From: Thomas T <T_at_T>
Date: Thu, 10 Apr 2003 16:45:28 -0400
Message-ID: <3e95d7e8$1@rutgers.edu>


"samir" <samirks_at_operamail.com> wrote in message news:3E95C01A.6010909_at_operamail.com...
> Hi,
>
> Even after throwing back following error :
>
> ORA-12154: TNS:could not resolve service name
>
> sqlplus prompts for username/password.
>
> Please let me know why it does so and is there a way to disable it.
> Basically, we don't want to prompt the user for username/password when
> sqlplus client fails to connect to database (we are invoking sqlplus
> from a shell script and providing a .sql file on the command line ).
>
> Thanks and regards,
> samir

Samir,

The reason is to allow the user to choose another service, one that exists. I work on 3 Oracle systems, and if I'm in a hurry, I'll mistype one of the service names. If SQL*Plus kicked me out, I'd have to run it again to get the login... instead, SQL*Plus just asks me again for a correct login.

You could try experimenting with sqlplus /nolog (prevents sqlplus from logging in), but then you need to pass your login information to the SQL*Plus screen.

Hm; what about this? You can login through svrmgrl (Windows 2000/NT, Oracle 8i). If you run:

svrmgrl command="connect username/password_at_service"

from the command line, if the connect string fails, svrmgrl dumps you back at the command prompt. Then again, your user would need svrmgrl.exe access.

I wonder; what about an SQL from svrmgrl? You could try making test.sql, with the following in it:

connect username/password_at_service
spool myconnectionresults
select 'yes' from dual;
spool off
disconnect
exit

And then from your batch file:

svrmgrl command="@test.sql"

And then examine myconnectionresults.log to see if it contains "yes", or, if it contains an error. If the file does say "yes", then you could invoke SQL*Plus from your batch file. OR, skip the "select yes from dual" query completely, and insert your own query... but svrmgrl doesn't have the "wealth" of SQL available to it.
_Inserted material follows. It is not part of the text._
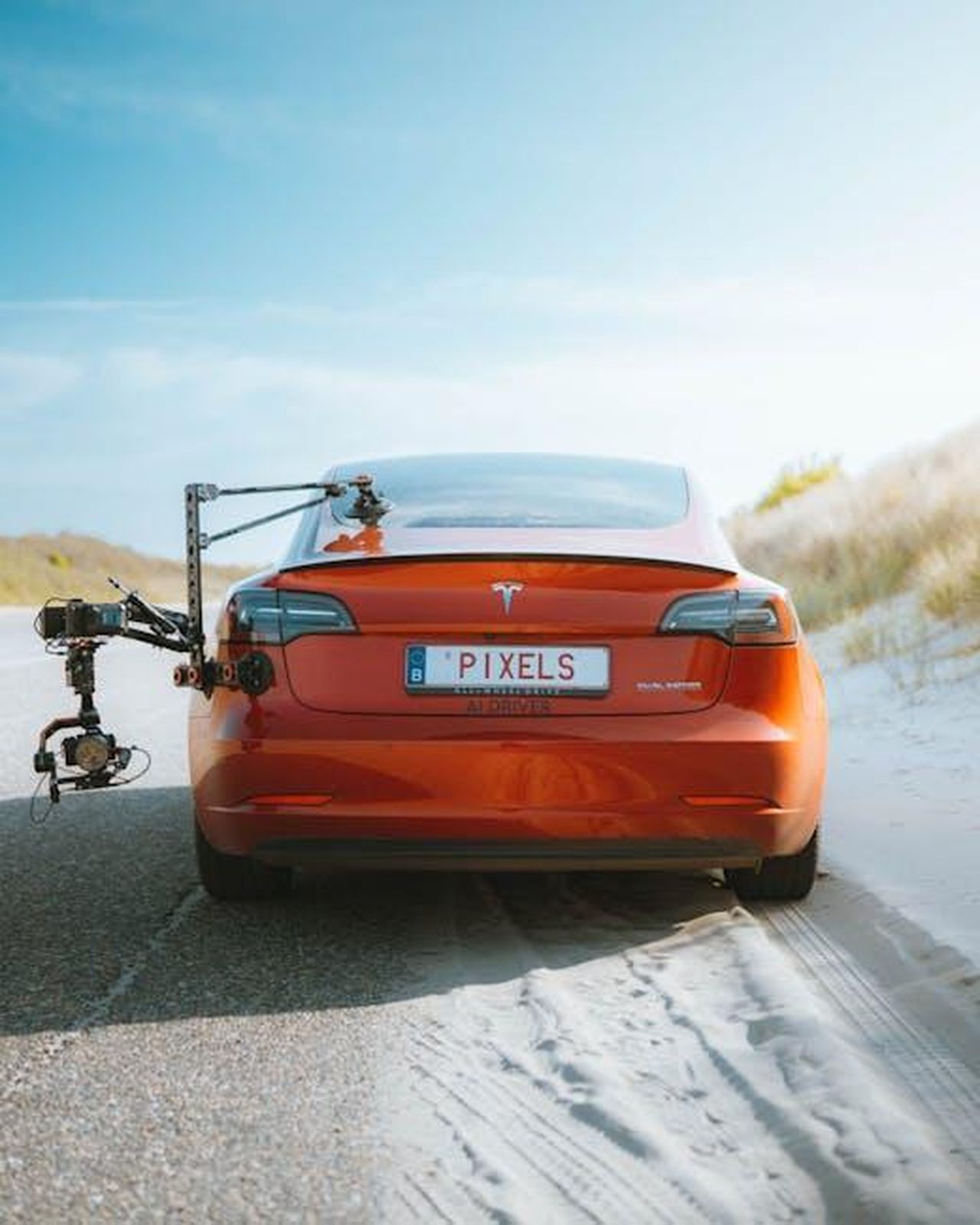 Piani_futuri_di_Toyota_per_la_produzione_di_veicoli_elettrici_W41z6NxkHF - Veicoli24 Source: Jérémy Glineur - pexels - Red Tesla Model 3 with a camera rig, driving on a sandy road under a clear sky.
Or, maybe run: svrmgrl command="connect username/password_at_service", and see if it sets an evironment varible (such as Microsoft's ERRORLEVEL) to represent failure?

Is your operating system Windows NT or 2000? You might be able to develop a "quickie" Visual Basic 6 console program (using Sub Main instead of a startup form) that creates an ADO connection to Oracle. You'd use an ADO connection object. After "opening" the connection object, if an error occurred, you could query the ADO.Error object for the error. If an error -is- returned, set an environment variable's value to represent it. Then you could use an "IF (%1)==(text)" statement in your batch file. Of course, if you've created the ADO program, you might want to run the

Just some things off the top of my head... hope they help! Let us know if you find a way around the problem. AFAIK, you can't lower OR increase the number of login attempts to SQL*Plus.
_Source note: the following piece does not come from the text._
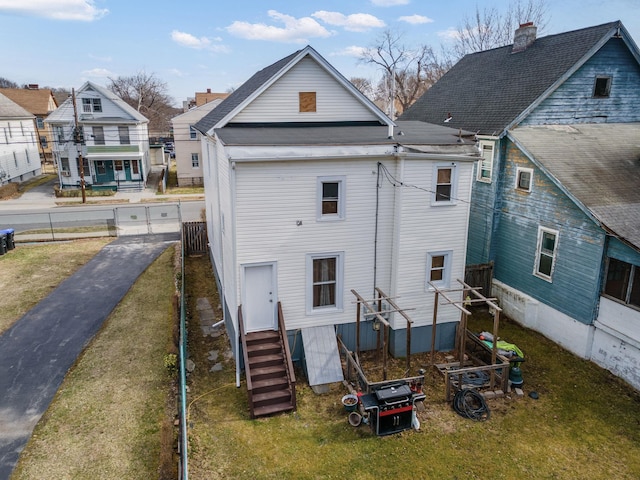 rear view of house with a residential view and entry steps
One more "bad" way that works... you've got your script file, right? Put the username/password_at_service at the top, three times. If the first is successful, you just send SQL*PLUS "username/password_at_service" two extra times, it won't know what to do with them, and will display errors, but nobody will be there to see them! (Especially if you run SQLPLUS with silent mode, sqlplus -s @myscript.sql). If the first fails, the next two will fail, and the user won't have any opportunity to type something.